It's hard not to like Speech and Debate (at left), the new "gay play" at the Lyric, even though it's pitched by director Jeremy Johnson at something close to a scream. (Other critics have found the shouting match "irresistibly energizing." Whatever.) Stephen Karam's script doesn't exactly sparkle with originality, either; it's essentially a long-form gay episode of Freaks and Geeks.
Still, the show grows on you, largely because the performers, though vocally over the top, still connect at a gut level with their characters, and one another. And playwright Karam does have an insider's sense of how much a safe haven can mean to a gay teen, and conjures just such an emotional harbor in the Speech and Debate Club at the center of his script.
The comedy gets most of its kick, however, from the fact that each of the three misfits in this forensic clubhouse is there for a different reason. Passionate, talent-free Diwata (Rachael Hunt) is trying to turn it into a showcase for her Wicked-like, but not wicked-good, musical (based on The Crucible, no less); tightly-wound Solomon (Alex Wyse) hopes to use it as a platform to blow open a possible sex-abuse scandal; meanwhile lonely Howie (Chris Conner), the one with the dirt on the school's drama teacher, is always on the verge of just wanting out. It's a nice set-up, but I'm afraid at first the antics feel slightly forced, and hilarity refuses to ensue; still, eventually it shows its face here and there - particularly in Diwata's wacky showpiece with a too-gay Abe Lincoln. And at the same time, a back story unfolds behind Solomon (the poor kid is in between stints at an "ex-gay" camp) that gives a poignant pull to his desperate self-denial. By the time all hell breaks loose in the Big Competition, the actors have somehow found a touching camaraderie beneath the production's slightly strained surface.

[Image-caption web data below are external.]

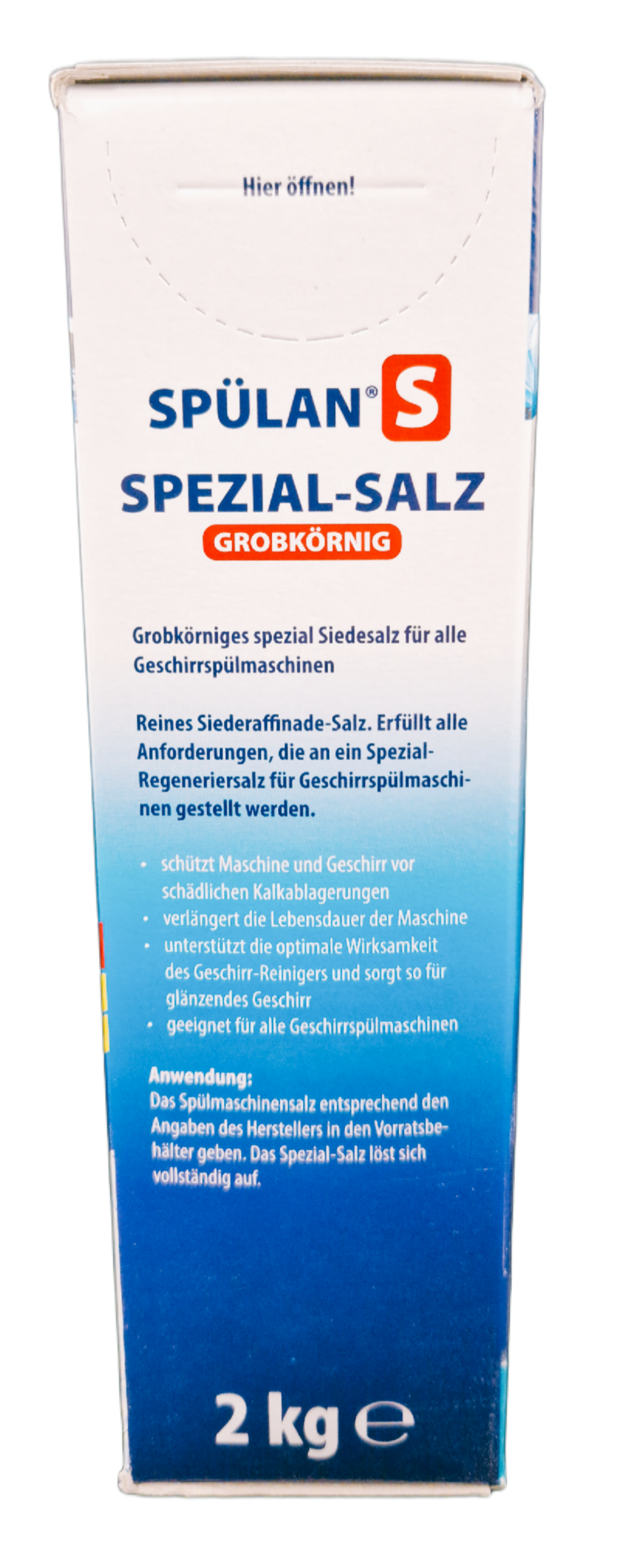 Eilfix - Spülan Regeneriersalz grob 6 x 2 Kg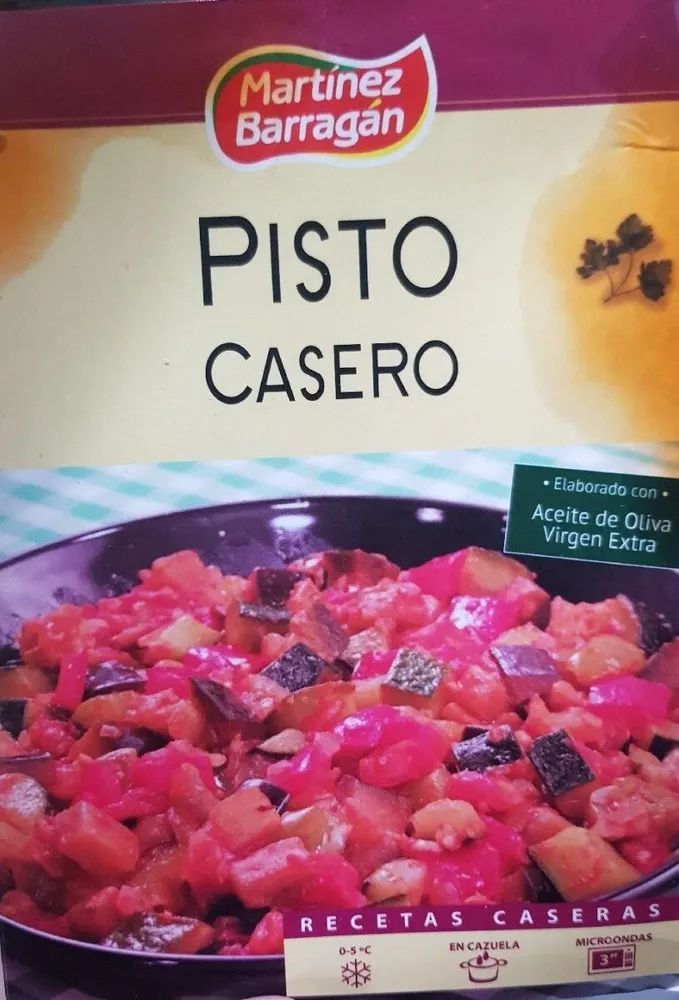 Pisto casero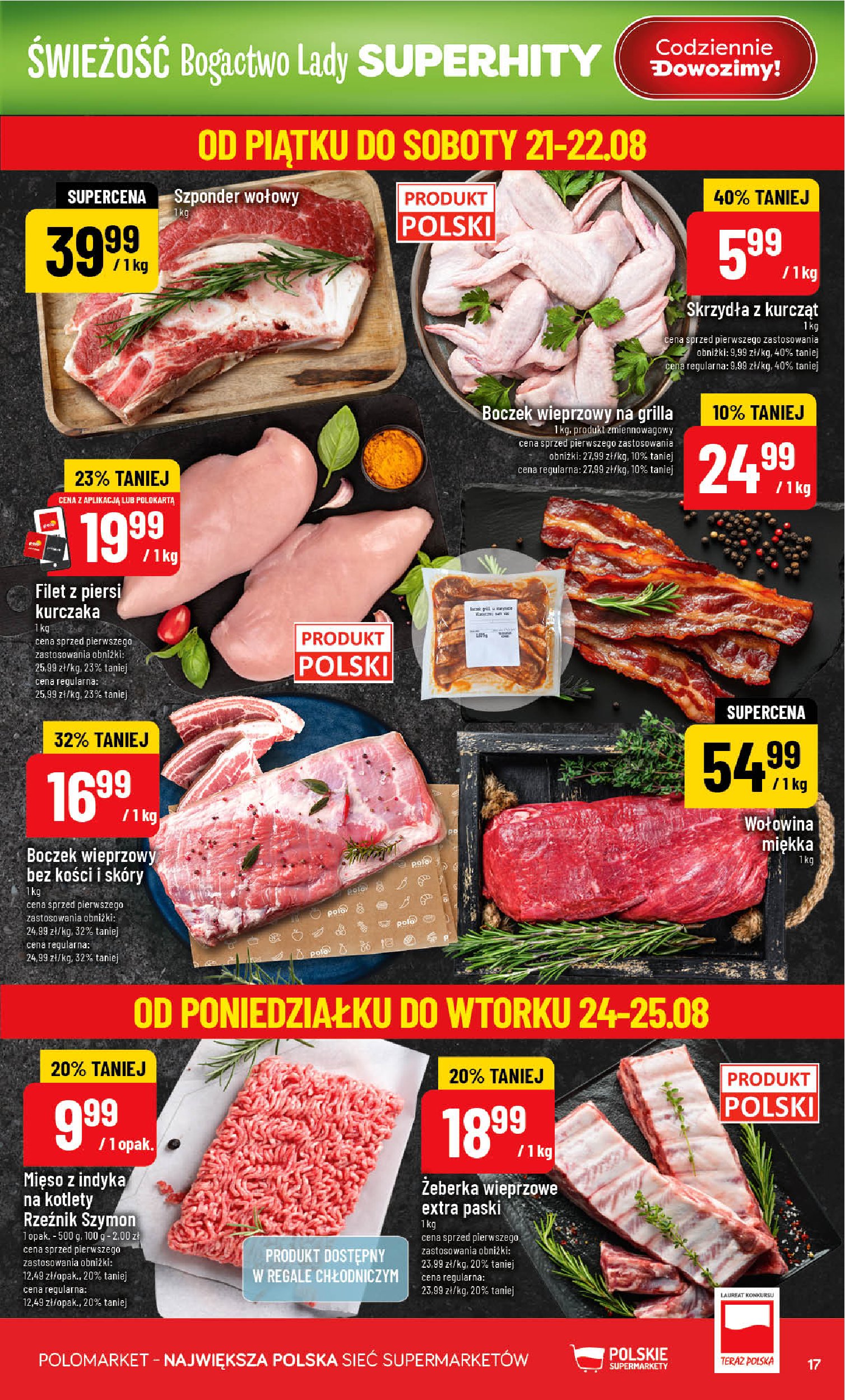 Gazetka Polomarket 19/08/2026 – 25/08/2026 - gazetki promocyjne str. 17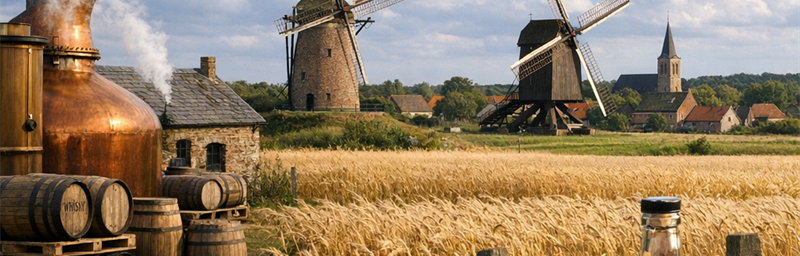 Imagem dos Uísque de Belgique da região Flandre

Probably the standout of the able cast is Rachael Hunt, who throws herself with utter abandon into the role of Diwata, but lands every broad stroke with surprising emotional precision. Chris Conner likewise nails out-but-not-quite-proud Howie, particularly in his self-consciously coiled body language. Alex Wyse is perhaps the shrillest of the three, but still manages to touch us once Solomon's tortured home life is revealed. And the reliable Maureen Keiller may not find much that's individual in her first role as an exasperated teacher, but evinces an amusingly breezy poise in her second appearance as a local reporter. Like most everyone else in the adult world, she has no idea what's been going on behind the closed doors of Speech and Debate.